Trois grands axes de réforme doivent dès lors être consolidés et approfondis : atténuer les zones d'ombre et l'hétérogénéité persistantes de la supervision, limiter la procyclicité consubstantielle au système financier et les effets du risque systémique, restaurer dans les comptes et les incitations le prix et la responsabilité du risque.

A. ATTÉNUER LES ZONES D'OMBRE ET L'HÉTÉROGÉNÉITÉ DE LA SUPERVISION

Il existe actuellement une réelle fenêtre d'opportunité - qui pourrait ne pas durer - pour étendre le champ de la supervision et renforcer la coopération internationale. La convergence d'intérêts est réelle entre les régulateurs nationaux, quoique potentiellement limitée par la volonté implicite d'être « moins-disant » sur le plan réglementaire pour renforcer l'attractivité de la place, et les échanges sur des thématiques transversales se sont intensifiés, notamment sous l'égide de l'OICV.

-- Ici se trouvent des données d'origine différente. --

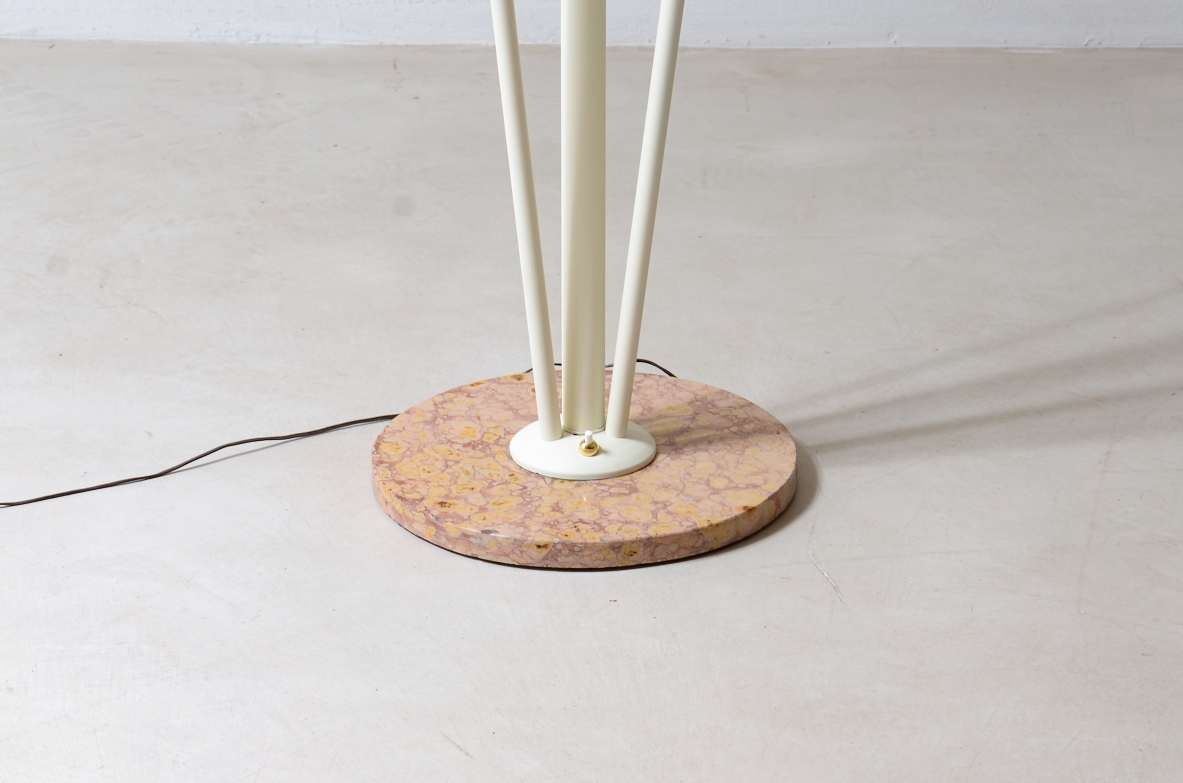 Lampada da terra a tre bracci in metallo laccato con cappelli in rattan e frange in tessuto.Manifattura italiana 1950ca. Lampada da terra a tre bracci in metallo laccato con cappelli in rattan e frange in tessuto.Manifattura italiana 1950ca.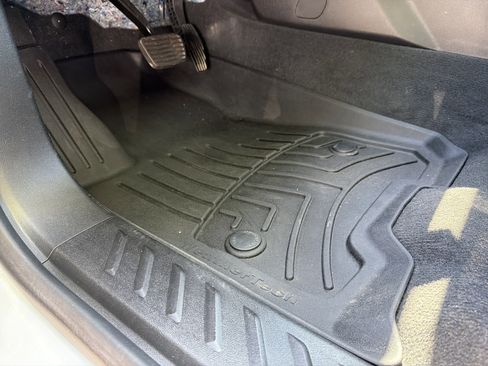 Used 2024 Chevrolet Colorado Z71 w/ Z71 Convenience Package 2 image 17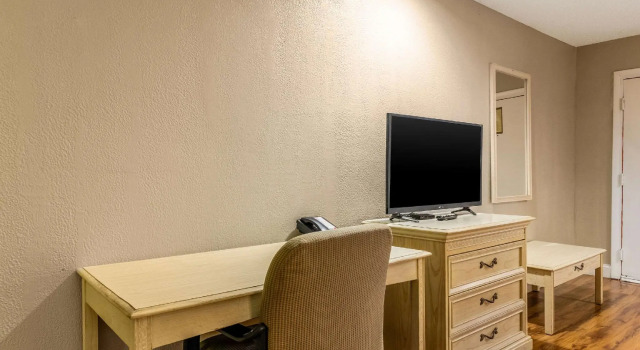 Двухместный номер Standard Econo Lodge Berea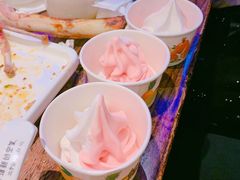 冰淇淋-三个蒙古大叔羊肉串(大宁店)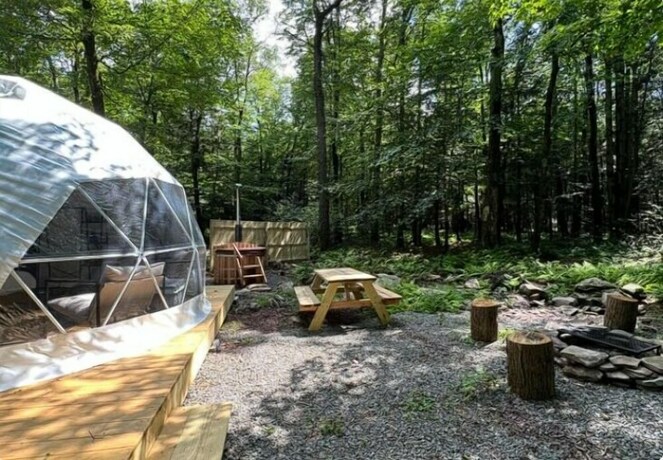 Imagen general del Hotel Ferncrest Campground. Foto 12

1. La nouvelle supervision européenne macro et micro-prudentielle

Le 23 septembre 2009, la Commission européenne a publié cinq propositions législatives - soit quatre règlements et une décision 107 ( * ) - sur la mise en oeuvre des recommandations du groupe de travail présidé par Jacques de Larosière, qui avaient été remises le 25 février 2009 et approuvées par la Commission et le Conseil en mars. Ce groupe de travail a ainsi préconisé de renforcer la supervision financière à l'échelle européenne, par la création :

- d'un Comité européen du risque systémique (CERS), responsable de la surveillance macro-prudentielle du système financier afin de prévenir ou atténuer les risques systémiques ;

- et d'un Système européen de surveillance financière (SESF), consistant en un réseau d'autorités nationales travaillant en coordination avec trois nouvelles autorités européennes de surveillance (AES). Ces autorités sectorielles succèderaient aux trois comités actuels 108 ( * ) qui, dans le cadre de la « comitologie », relèvent du « niveau 3 » du processus Lamfalussy, et amélioreraient l'harmonisation des normes et pratiques de surveillance.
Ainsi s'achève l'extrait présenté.